En el balance deben incluirse también, sin embargo, evoluciones negativas como la todavía gran disparidad en los niveles de desarrollo entre el norte y el sur del Mediterráneo; la escasa o nula articulación comercial entre los países mediterráneos no europeos (en el Magreb el comercio interregional representa sólo en torno al 3% del total); la incapacidad para regular y absorber los crecientes flujos migratorios sur-norte; la lentitud -y en ocasiones retroceso- en las cuestiones relacionados con los derechos humanos y las libertades fundamentales en los países no comunitarios, y la creciente inestabilidad en el Mediterráneo Oriental. Obviamente, no todo ello es responsabilidad de las políticas mediterráneas europeas. En el último de los factores apuntados -sin olvidar las posiciones mantenidas en su momento por los gobiernos de Blair, Aznar y Berlusconi-, la responsabilidad corresponde a los que de manera unilateral iniciaron una guerra ilegal que, si bien tuvo como efecto acabar con la dictadura de Sadam Husein, ha propiciado la degradación violenta de Irak, ha demostrado su ineficacia dando alas y argumentos al terrorismo internacional -que de manera dramática hacía acto de presencia en Europa con los atentados de Madrid y Londres- y ha introducido en Oriente Medio un factor de inestabilidad política y militar de consecuencias imprevisibles para los países de la región (especialmente para Siria, Líbano e Irán). Tampoco la evolución política reciente de Egipto y los países del Magreb, especialmente por lo que respecta a las libertades fundamentales y el respeto a los derechos humanos, es motivo de esperanza. Por último, el conflicto del Sáhara Occidental sigue en el impasse en que se encontraba hace una década, eso sí, con 10 años más de sufrimiento y desesperación para la población afectada.

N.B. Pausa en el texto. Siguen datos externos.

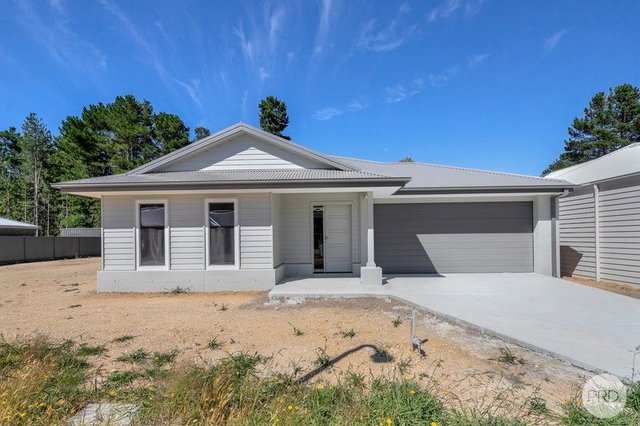 10 Oaktree Lane, VIC 3363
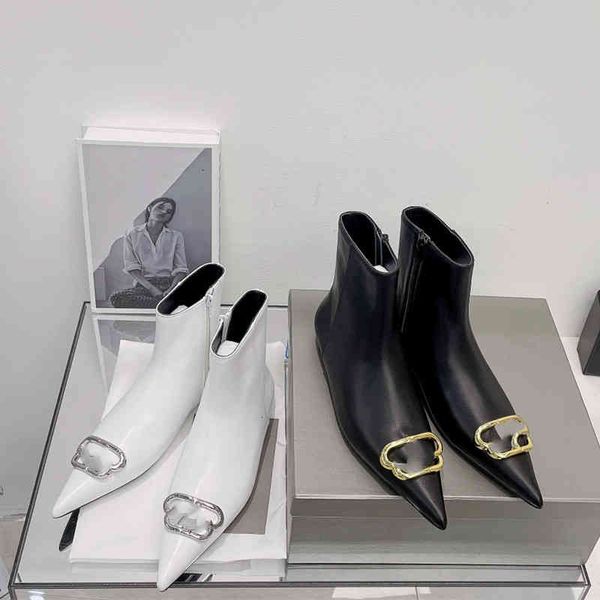 boots high end pointed flat bottom short boots women's fashion shoes autumn and winter versatile metal buckle temperament heel, Black
boots high end pointed flat bottom short boots women's fashion shoes autumn and winter versatile metal buckle temperament heel, Black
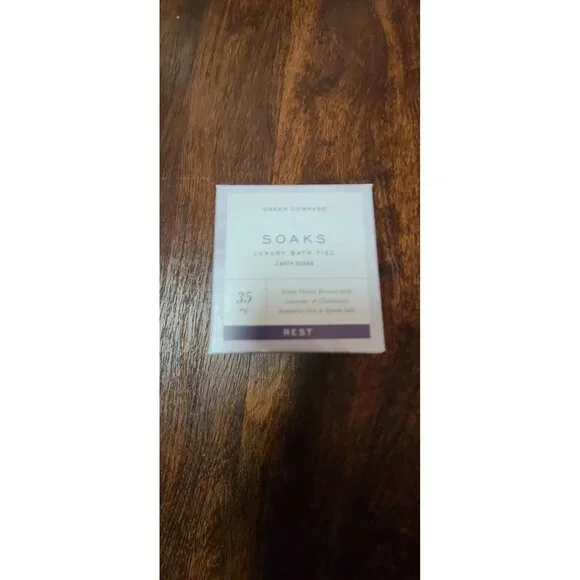 Green Compass Bath Soaks - Picture 1 of 2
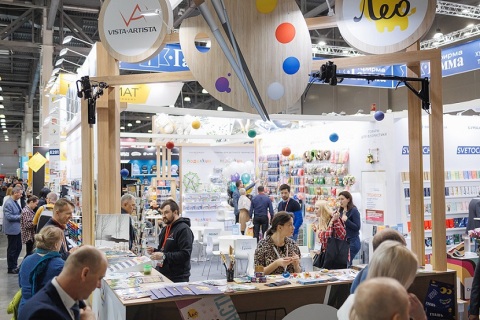 俄罗斯莫斯科文具及办公用品展览会展会现场图片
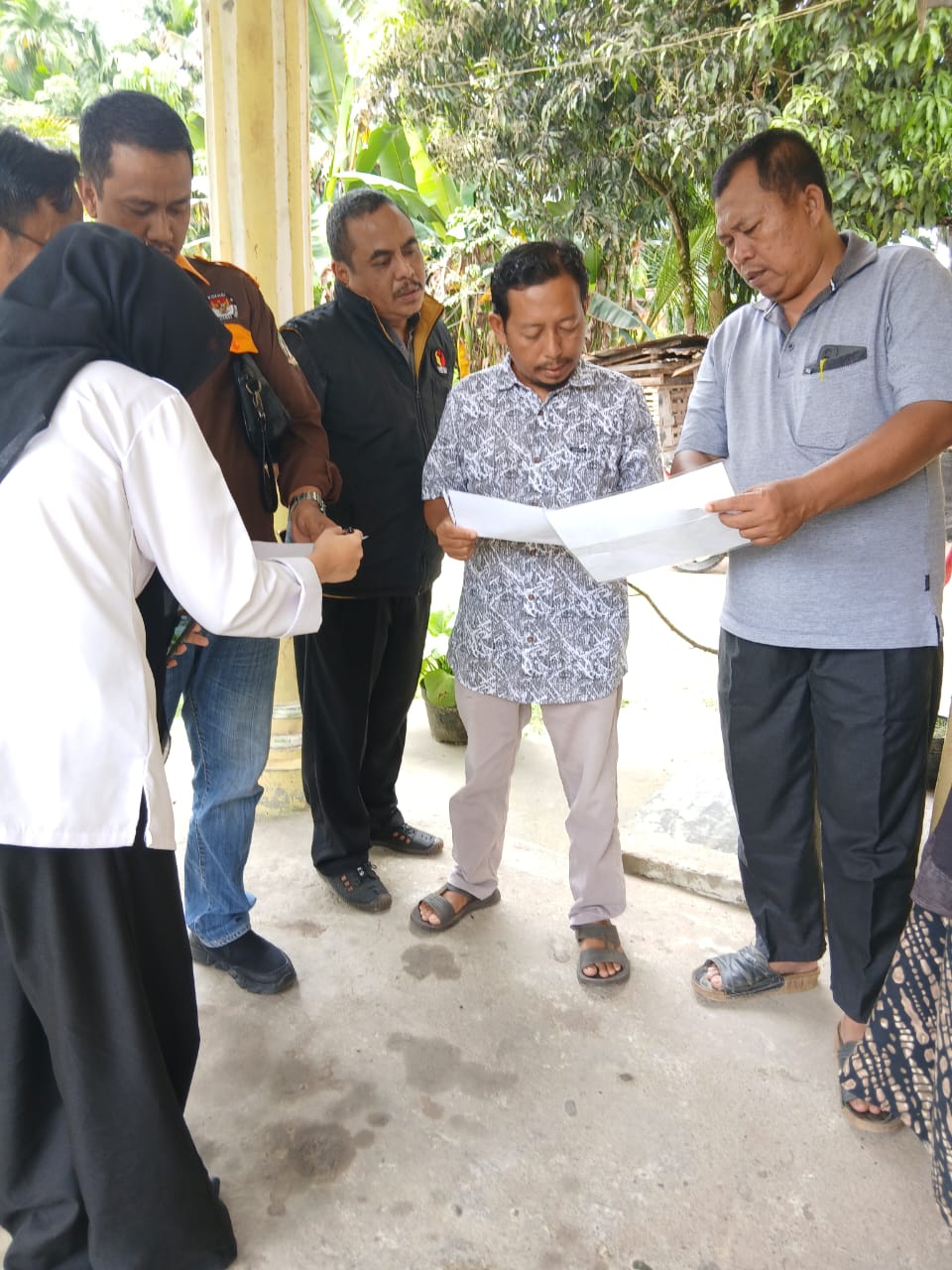 Ketua Bawaslu INHU Dedi Risanto saat melakukan Pengawasan COKTAS PDPB di Kec Seberida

Así pues, la realidad queda todavía muy lejos de aquellos objetivos que se fijaron en Barcelona en 1995 y es necesario un nuevo impulso y un renovado compromiso si realmente se quiere llegar a alcanzar aquel espacio de desarrollo compartido, "sostenible y equilibrado", y de "paz y estabilidad" que se apuntaba hace 10 años. Eso es lo que pretende, precisamente, la Cumbre de Jefes de Esta-

do y de Gobierno de los países integrantes de la AE, que, con motivo del 10º Aniversario de la Conferencia Euromediterránea de Barcelona, se reunirá en la capital catalana los próximos días 27 y 28 de noviembre, bajo presidencia británica de la UE e iniciativa española, iniciativa que lamentablemente se perdió durante los gobiernos del PP por su escaso sentido de Estado y su estrecha visión de las relaciones internacionales. En estos 10 años, los países comunitarios han pasado de 15 a 25, y entre los nuevos miembros figuran dos de los PTM de 1995 -Malta y Chipre-, mientras Turquía ha iniciado ya las negociaciones para fijar las condiciones y la fecha de su ingreso en la UE, a pesar de las resistencias y cicatería de algunos países europeos y de que la decisión queda en manos de la UE aun cuando Turquía cumpliera las condiciones impuestas. El marco de 2005 es, pues, mucho más amplio -implica a 35 países, mientras que en 1995 sólo eran 27- y abre unas posibilidades de actuación potencialmente mayores. De ahí la expectación levantada por la cumbre, que cuenta ya con una relación de países terceros que también van a estar presentes (Rumania, Bulgaria, Croacia), en algunos casos como observadores (Libia, Mauritania). Sería importante que, ante las incertidumbres que se abrieron en el escenario internacional tras el 11-S, la Cumbre de Barcelona sirviera para aproximar posiciones, consolidar un espacio de diálogo, fomentar el desarrollo compartido y las políticas de consenso (multilaterales) y solidarias, y avanzar hacia mayores cotas de libertad y respeto a los derechos humanos en el espacio mediterráneo. Sin duda, a medio plazo, todo ello resultaría mucho más efectivo para hacer frente a la amenaza del nuevo terrorismo internacional que las políticas erróneas propiciadas hasta ahora por las acciones unilaterales e irresponsables emanadas del ideario neoconservador.

Antoni Segura es catedrático de Historia Contemporánea y director del Centre d'Estudis Històrics Internacionals de la Universidad de Barcelona.